Господь радуется рождению Своего Сына, потому что с этого момента Он получил возможность быть со Своими любимыми. Это все равно как если бы вашего ребенка у вас отняли и увели, ну я не знаю... в Чечню. И вы посылали бы туда и войска, и бомбардировщики, но сына не вернули. И тогда с помощью каких-то волшебных научных машин вы переноситесь туда, к нему, и как бы рождаетесь там, рядом с ним. Теперь вы будете там жить со своим сыном, но за это придется заплатить лишениями и невзгодами, и в конце концов вас распознают и либо зарежут, либо сделают с вами еще чего-нибудь. Но вы будете рядом со своим любимым.

— Но в данном случае сын — это человек или Бог?

— Бог посылает Сына, но Он любит человека. Он же создал его только из любви, других причин у Него не было. Разве любовь не объясняет?

— То есть это бегство под покровом ночи в опасное место к любимому, к человеку?

— Ну да. «Так возлюбил Бог мир» — то есть человека, а не мир вещей, скал, гор, рек и морей. То есть акт Рождества Христова — это акт Божественной любви, и с Его стороны это тоже встреча с любимым, то есть с человеком.

— Выходит, история для христианина — это истории отдельных людей? А как же народы, страны, цивилизации? Неужели мы можем о чем-то рассуждать только на уровне суммы движения отдельных личностей?

— Ну «сумма» здесь тоже слово неподходящее. Да-да, движение личностей, именно так и есть. Собственно говоря, с христианства это и начинается: раз Бог является как Личность, то для того, чтобы это явление было действительно уникальным и единичным, единственным, возникает вот эта точка — место и время.

— А как же тогда наши представления о христианских народах? Когда мы говорим о православной державе — это же получается какой-то оксюморон.

— Действительно, из людей складываются роды, племена, народы, цивилизации, но это все-таки некоторая абстракция. В реальности-то есть человек и есть Бог. Поэтому, когда мы произносим такие слова, как «цивилизация», «народы», «государства», мы должны понимать, что это некоторое удаление от человека. И для того, чтобы сохранить собственно евангельские ценности, нам все время нужно возвращаться к человеку, к личности, иначе мы эти ценности потеряем.

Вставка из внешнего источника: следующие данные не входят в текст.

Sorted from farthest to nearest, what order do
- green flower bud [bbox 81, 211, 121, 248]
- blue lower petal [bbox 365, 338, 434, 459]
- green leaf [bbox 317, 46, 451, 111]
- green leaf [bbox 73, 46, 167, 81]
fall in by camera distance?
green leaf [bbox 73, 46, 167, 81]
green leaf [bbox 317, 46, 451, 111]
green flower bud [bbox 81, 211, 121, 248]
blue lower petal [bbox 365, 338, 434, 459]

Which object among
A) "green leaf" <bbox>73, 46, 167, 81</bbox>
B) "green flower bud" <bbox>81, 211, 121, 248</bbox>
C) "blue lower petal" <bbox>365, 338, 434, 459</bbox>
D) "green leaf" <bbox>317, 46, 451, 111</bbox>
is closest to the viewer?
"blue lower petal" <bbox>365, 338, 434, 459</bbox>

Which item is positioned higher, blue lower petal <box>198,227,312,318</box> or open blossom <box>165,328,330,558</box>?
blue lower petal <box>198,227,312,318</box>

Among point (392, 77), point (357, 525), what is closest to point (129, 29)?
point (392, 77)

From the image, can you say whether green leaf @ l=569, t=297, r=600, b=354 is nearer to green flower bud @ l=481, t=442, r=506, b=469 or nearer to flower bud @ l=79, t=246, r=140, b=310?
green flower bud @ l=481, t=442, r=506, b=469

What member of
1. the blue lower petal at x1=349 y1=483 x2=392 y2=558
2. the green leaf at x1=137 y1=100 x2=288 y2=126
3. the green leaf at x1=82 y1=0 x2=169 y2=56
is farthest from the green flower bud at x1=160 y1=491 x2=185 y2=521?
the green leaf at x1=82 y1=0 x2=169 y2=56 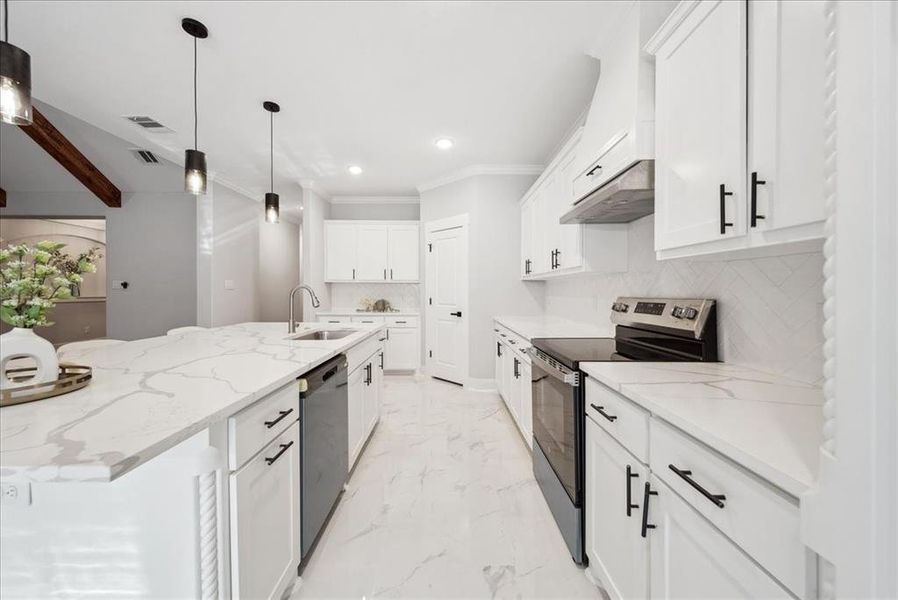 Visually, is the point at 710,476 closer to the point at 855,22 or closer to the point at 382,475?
the point at 855,22

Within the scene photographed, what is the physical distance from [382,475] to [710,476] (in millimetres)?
1981

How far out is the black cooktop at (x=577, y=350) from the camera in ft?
5.32

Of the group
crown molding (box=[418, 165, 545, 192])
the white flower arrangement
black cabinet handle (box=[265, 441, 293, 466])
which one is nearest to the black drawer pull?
black cabinet handle (box=[265, 441, 293, 466])

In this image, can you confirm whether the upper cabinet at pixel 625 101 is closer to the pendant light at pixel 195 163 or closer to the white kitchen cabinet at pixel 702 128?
the white kitchen cabinet at pixel 702 128

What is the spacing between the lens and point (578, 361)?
62.0 inches

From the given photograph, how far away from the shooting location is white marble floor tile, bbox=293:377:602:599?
4.96 ft

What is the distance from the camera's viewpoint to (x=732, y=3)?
1085 mm

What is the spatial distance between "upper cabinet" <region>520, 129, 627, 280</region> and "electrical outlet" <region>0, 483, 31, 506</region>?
259 cm

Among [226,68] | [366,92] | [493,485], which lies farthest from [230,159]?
[493,485]

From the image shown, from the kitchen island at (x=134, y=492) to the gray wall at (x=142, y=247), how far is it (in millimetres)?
4542

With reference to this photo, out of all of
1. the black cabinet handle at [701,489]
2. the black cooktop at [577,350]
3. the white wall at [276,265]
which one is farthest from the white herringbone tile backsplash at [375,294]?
the black cabinet handle at [701,489]

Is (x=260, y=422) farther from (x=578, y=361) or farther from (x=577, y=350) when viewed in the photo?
(x=577, y=350)

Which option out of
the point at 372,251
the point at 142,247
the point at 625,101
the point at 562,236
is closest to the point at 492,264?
the point at 562,236

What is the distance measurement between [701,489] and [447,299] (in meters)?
3.89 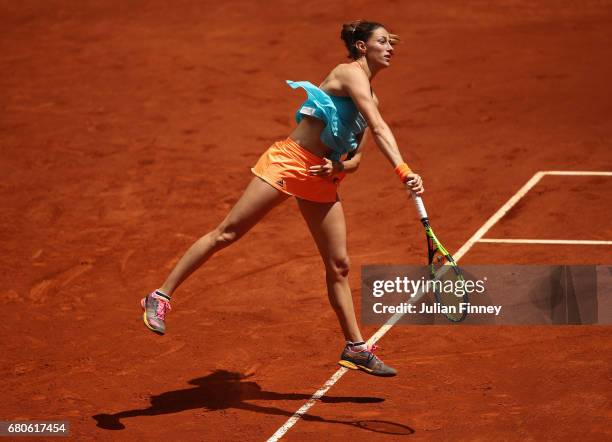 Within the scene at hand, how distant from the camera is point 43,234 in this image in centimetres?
1061

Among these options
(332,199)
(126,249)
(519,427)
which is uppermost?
(332,199)

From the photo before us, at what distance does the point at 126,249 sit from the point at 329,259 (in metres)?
3.65

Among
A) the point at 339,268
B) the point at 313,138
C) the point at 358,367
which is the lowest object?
the point at 358,367

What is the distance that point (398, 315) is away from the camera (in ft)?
28.6

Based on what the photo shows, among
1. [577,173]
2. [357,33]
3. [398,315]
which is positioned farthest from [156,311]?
[577,173]

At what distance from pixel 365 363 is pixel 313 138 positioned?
62.1 inches

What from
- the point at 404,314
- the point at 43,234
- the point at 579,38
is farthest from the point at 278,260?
the point at 579,38

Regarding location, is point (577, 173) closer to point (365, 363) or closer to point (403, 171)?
point (365, 363)

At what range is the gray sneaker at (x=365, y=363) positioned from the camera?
7215 mm

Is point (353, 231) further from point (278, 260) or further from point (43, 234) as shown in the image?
point (43, 234)

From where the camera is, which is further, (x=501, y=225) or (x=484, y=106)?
(x=484, y=106)

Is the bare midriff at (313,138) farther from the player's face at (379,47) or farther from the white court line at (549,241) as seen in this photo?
the white court line at (549,241)

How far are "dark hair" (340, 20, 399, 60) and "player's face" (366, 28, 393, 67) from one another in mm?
34

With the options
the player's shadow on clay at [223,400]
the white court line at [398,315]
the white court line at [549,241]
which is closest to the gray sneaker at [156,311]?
the player's shadow on clay at [223,400] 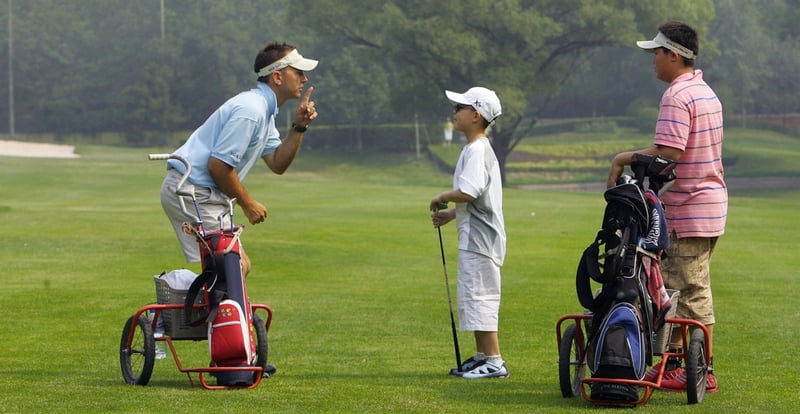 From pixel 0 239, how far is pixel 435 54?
3843cm

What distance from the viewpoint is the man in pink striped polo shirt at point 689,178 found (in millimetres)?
7324

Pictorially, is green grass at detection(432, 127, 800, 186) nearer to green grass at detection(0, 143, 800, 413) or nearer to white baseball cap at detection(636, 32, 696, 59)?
green grass at detection(0, 143, 800, 413)

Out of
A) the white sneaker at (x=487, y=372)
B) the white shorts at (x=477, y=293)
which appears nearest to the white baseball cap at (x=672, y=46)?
the white shorts at (x=477, y=293)

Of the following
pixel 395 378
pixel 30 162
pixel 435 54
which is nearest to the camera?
pixel 395 378

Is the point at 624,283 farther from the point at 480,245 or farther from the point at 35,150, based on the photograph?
the point at 35,150

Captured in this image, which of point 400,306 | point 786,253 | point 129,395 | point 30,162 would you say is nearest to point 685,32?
point 129,395

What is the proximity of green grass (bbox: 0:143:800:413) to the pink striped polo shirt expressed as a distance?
0.98 m

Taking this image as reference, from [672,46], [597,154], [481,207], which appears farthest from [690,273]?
[597,154]

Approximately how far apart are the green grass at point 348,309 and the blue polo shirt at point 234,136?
1307mm

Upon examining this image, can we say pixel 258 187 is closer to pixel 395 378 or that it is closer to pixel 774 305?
pixel 774 305

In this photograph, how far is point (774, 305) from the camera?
13477 mm

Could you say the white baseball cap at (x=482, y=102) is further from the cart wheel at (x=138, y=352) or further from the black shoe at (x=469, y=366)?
the cart wheel at (x=138, y=352)

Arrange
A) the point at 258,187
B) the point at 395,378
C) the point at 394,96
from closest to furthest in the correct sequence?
the point at 395,378 < the point at 258,187 < the point at 394,96

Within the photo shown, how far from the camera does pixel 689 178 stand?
24.3ft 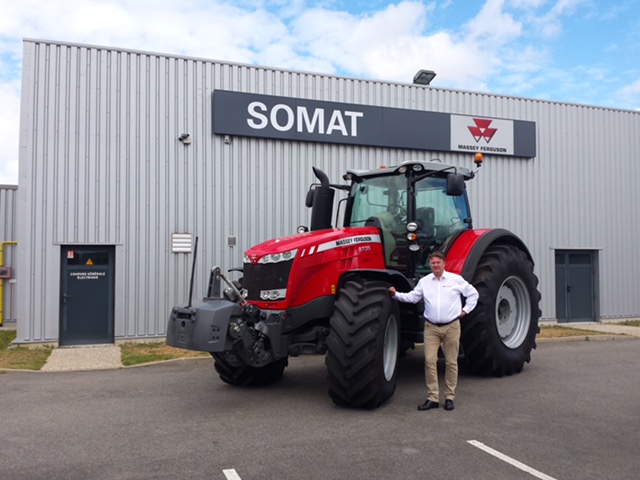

Если мы будем рассуждать с точки зрения пользы народов, государств, империй, мы не просто забудем о человеке, он будет нам все время мешать устраивать хорошие державные институты. И мы его уничтожим.

А Рождество Христово открывает каждому человеку ту самую пещеру бытия, которая символизирует собой наше сердце, душу, — и где-то там, в глубине, рождается Бог. А потом растет, растет, растет… Вот так же где-то там, внутри, поселяется в человеке искорка веры.